ACTIVITY: Beginning with the top line of the listing below, give again every line up to and including the line with "CarbonKlean ScreenKlean Tablet"; pictures do not belong in the copy.
--- GIVEN INFORMATION ---
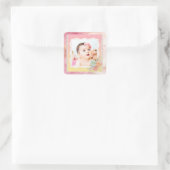 Aufkleber für Baby- oder Familienjunges Foto (Tasche)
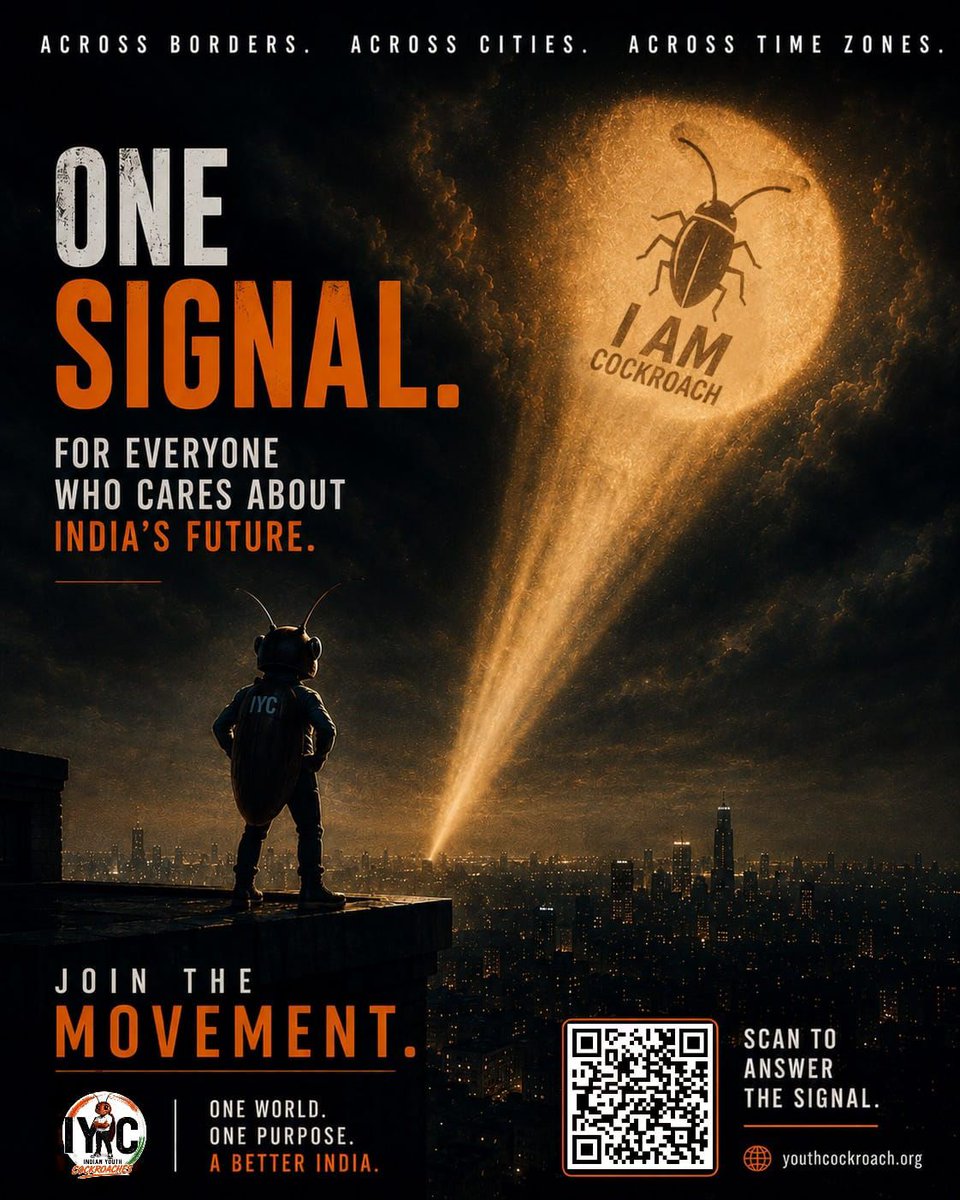 KarCockroaches's tweet photo. Cockroaches of the World, Unite

From any corner of the world, if you're a proud Indian who cares about India's future, you're already one of us. 

This isn't a campaign. It's a growing community of Indians who want to do more than just watch.

join the movement. https://t.co/O5f23DN5g7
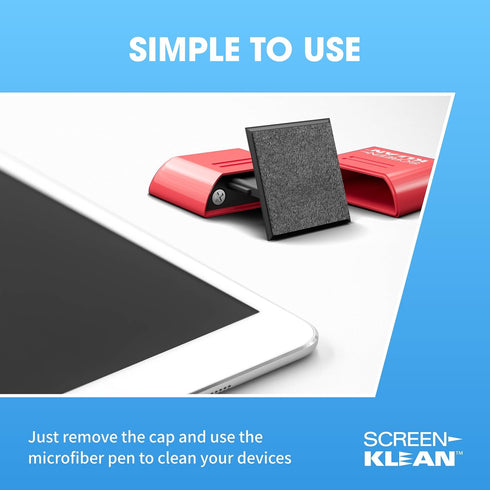 CarbonKlean ScreenKlean Tablet Cleaner - Compatible with iPad, Android & Amazon Tablet, Injected Pink, 1 Count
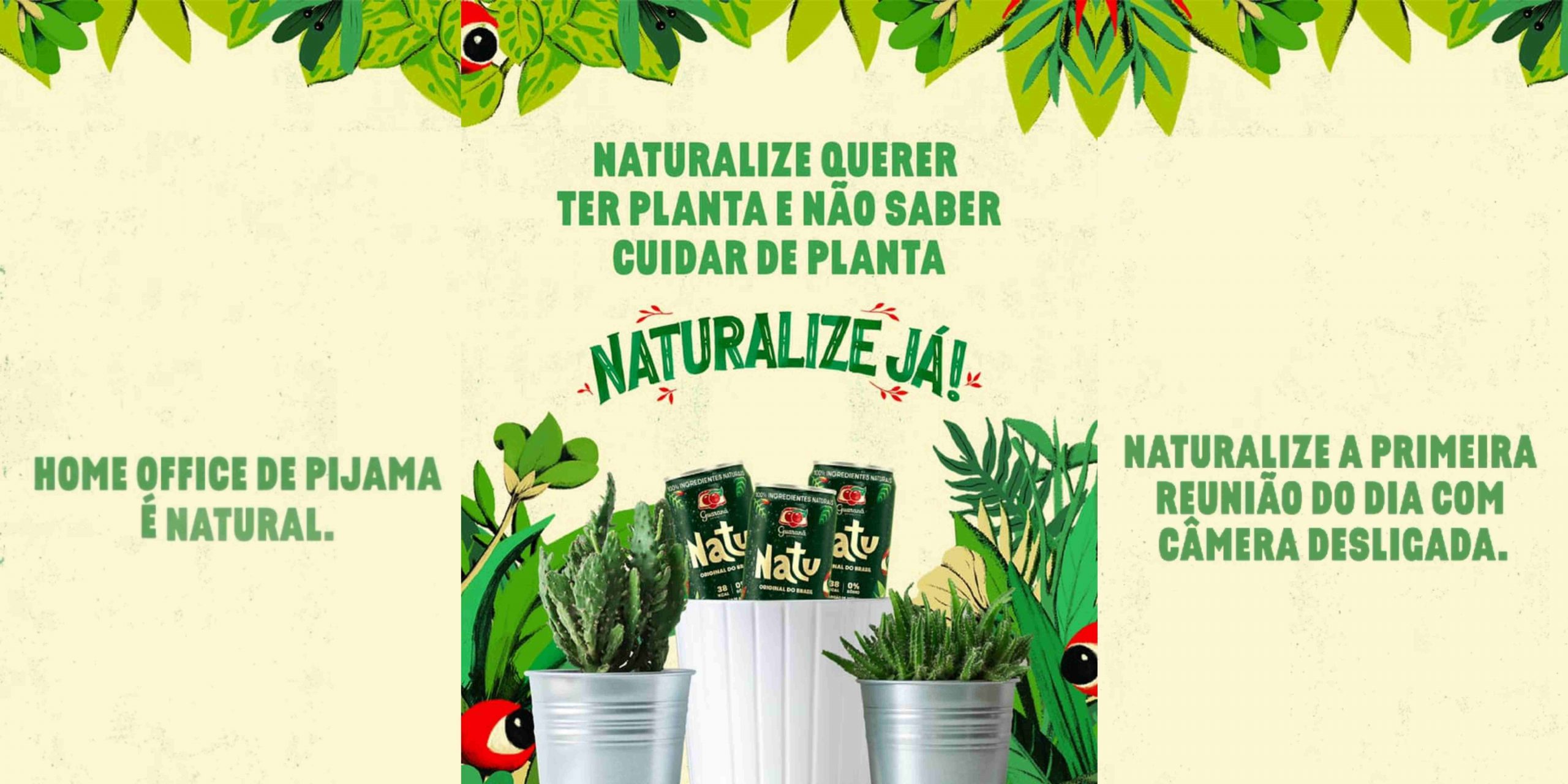 Natu provoca brasileiros a equilibrarem sua rotina em "Naturalize Já" e convida eles a descobrirem o sabor de um refrigerante 100% natural.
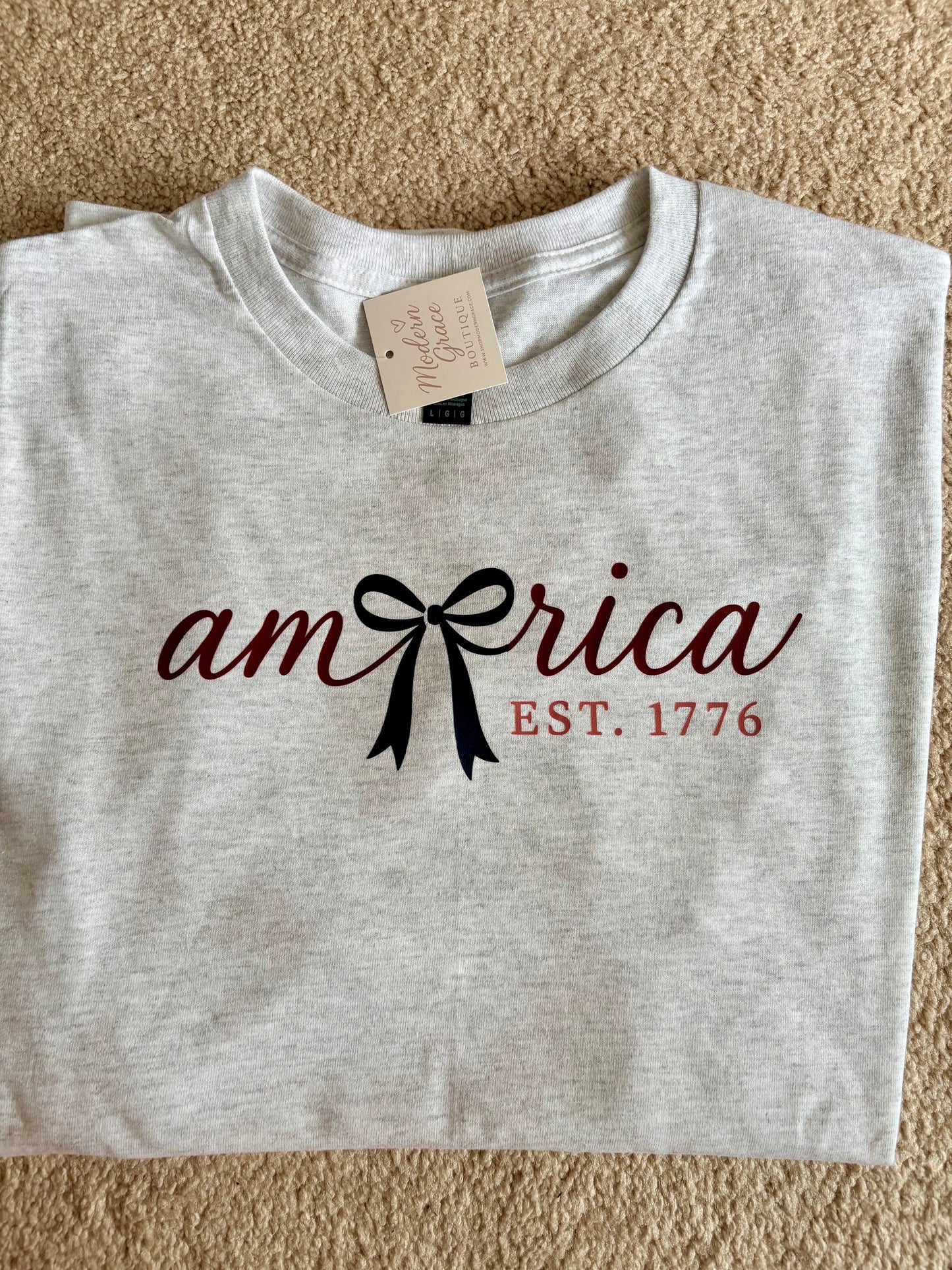America Shirt - Red or Grey
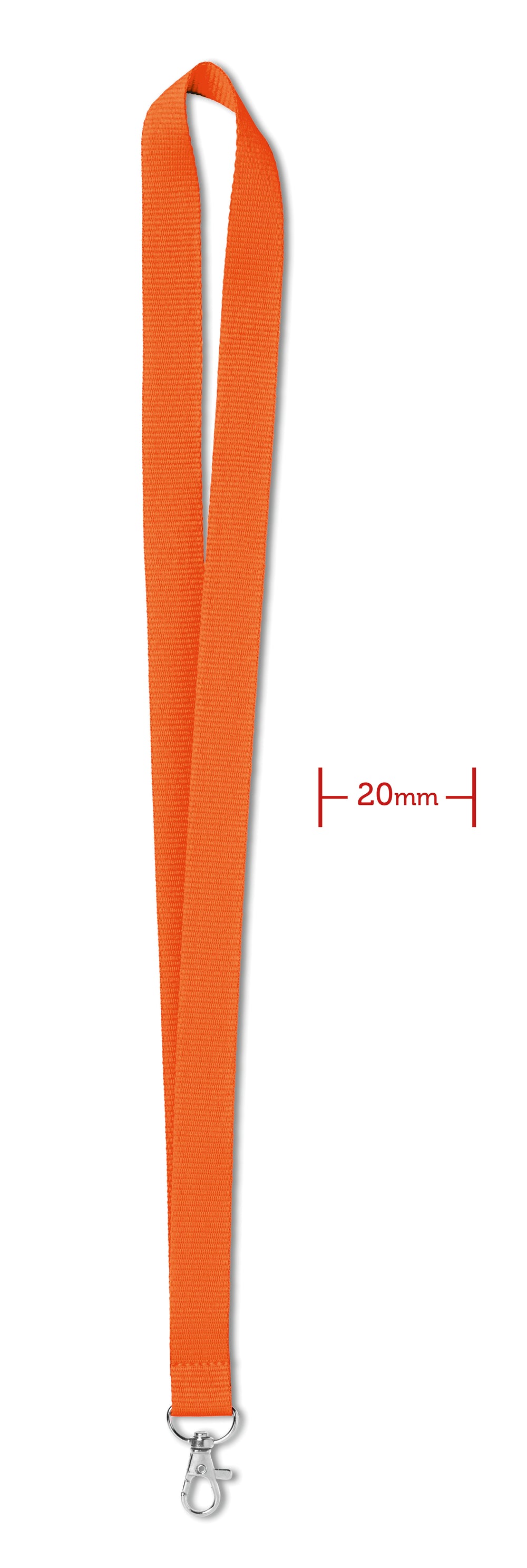 Lanyard 20 mm Simple Lany in oranje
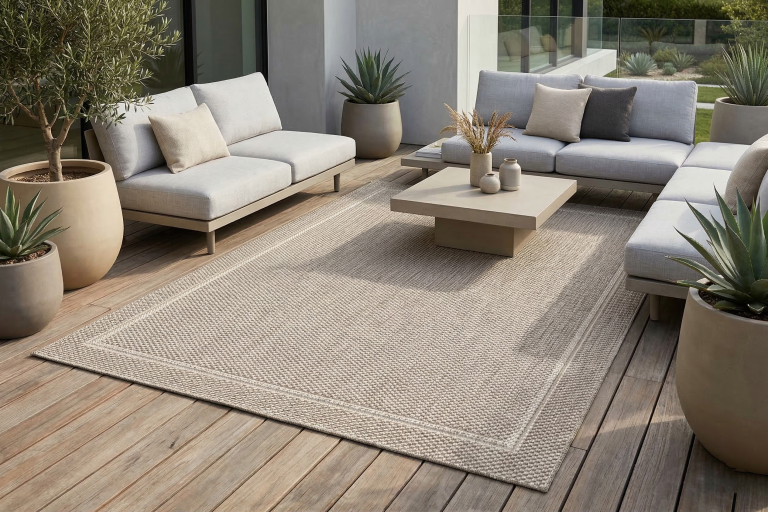 Ковёр Grano Frame Gray — Carpet decor by Fargotex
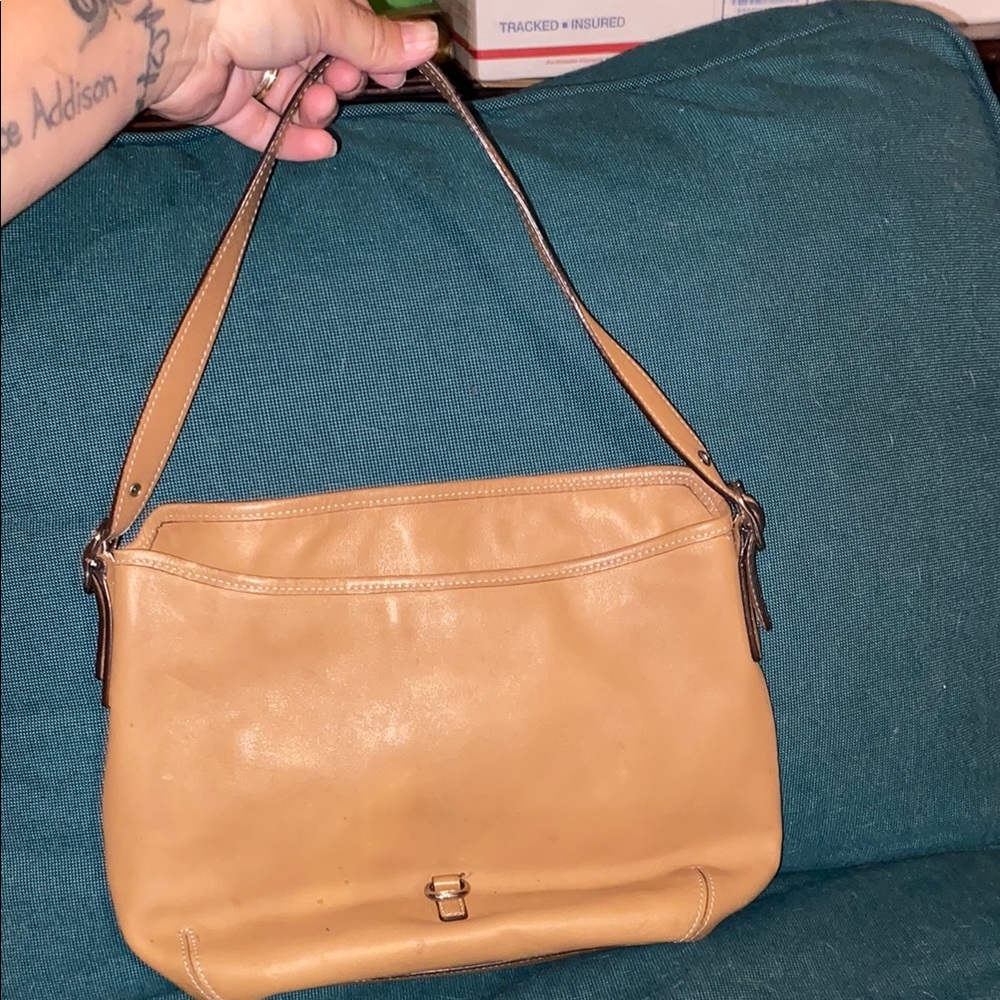 Tan Leather Shoulder Bag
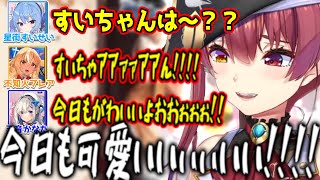 星街すいせいガチ勢すぎる宝鐘マリン、天音かなた、不知火フレアwww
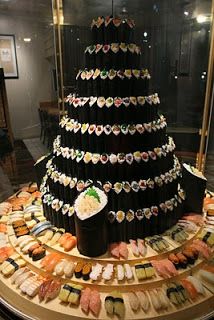 Sushi Tower...WOW Sushi Tower, Sushi Rolls, What You Eat, Food Photography, Tower, Rolls, Cake, Photography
---
EXPECTED ANSWER:
 Aufkleber für Baby- oder Familienjunges Foto (Tasche)
 KarCockroaches's tweet photo. Cockroaches of the World, Unite

From any corner of the world, if you're a proud Indian who cares about India's future, you're already one of us. 

This isn't a campaign. It's a growing community of Indians who want to do more than just watch.

join the movement. https://t.co/O5f23DN5g7
 CarbonKlean ScreenKlean Tablet Cleaner - Compatible with iPad, Android & Amazon Tablet, Injected Pink, 1 Count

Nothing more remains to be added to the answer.